Material to process -

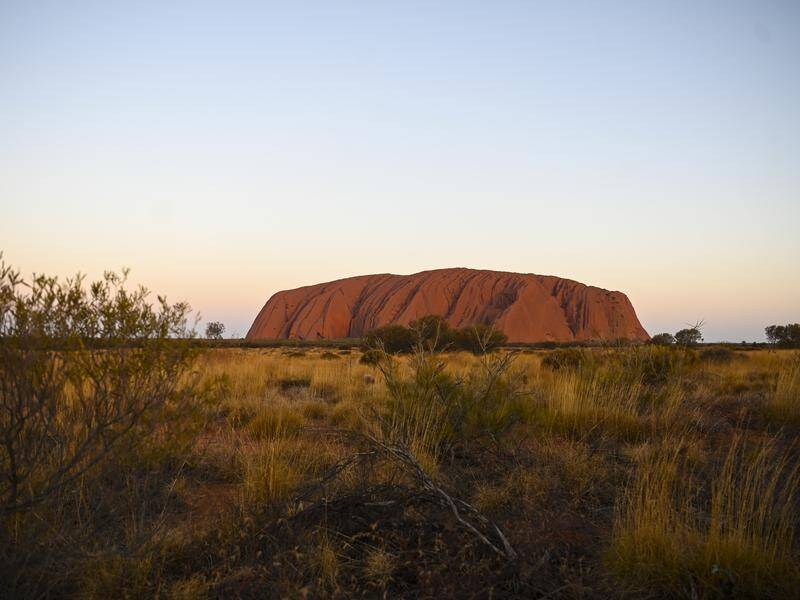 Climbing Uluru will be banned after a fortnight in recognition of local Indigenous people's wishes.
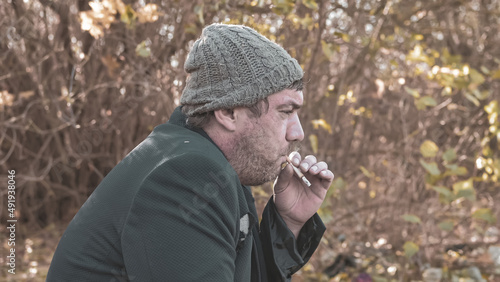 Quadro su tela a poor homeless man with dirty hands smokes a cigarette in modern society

==

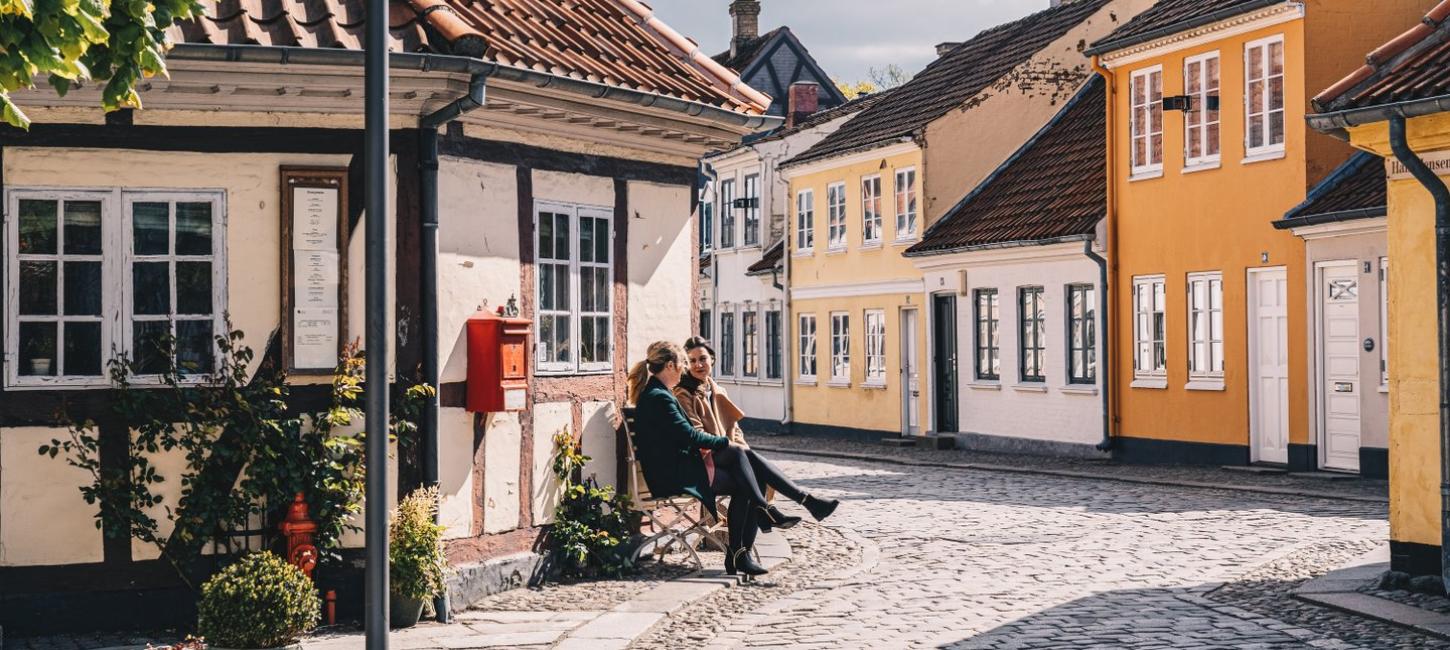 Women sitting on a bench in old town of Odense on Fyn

Goal of the exercise - Once the line with "Climbing Uluru will" is found in the data above, reproduce it and each line after it exactly, through the line with "Quadro su tela". Omit the pictures.

Task output -
 Climbing Uluru will be banned after a fortnight in recognition of local Indigenous people's wishes.
 Quadro su tela a poor homeless man with dirty hands smokes a cigarette in modern society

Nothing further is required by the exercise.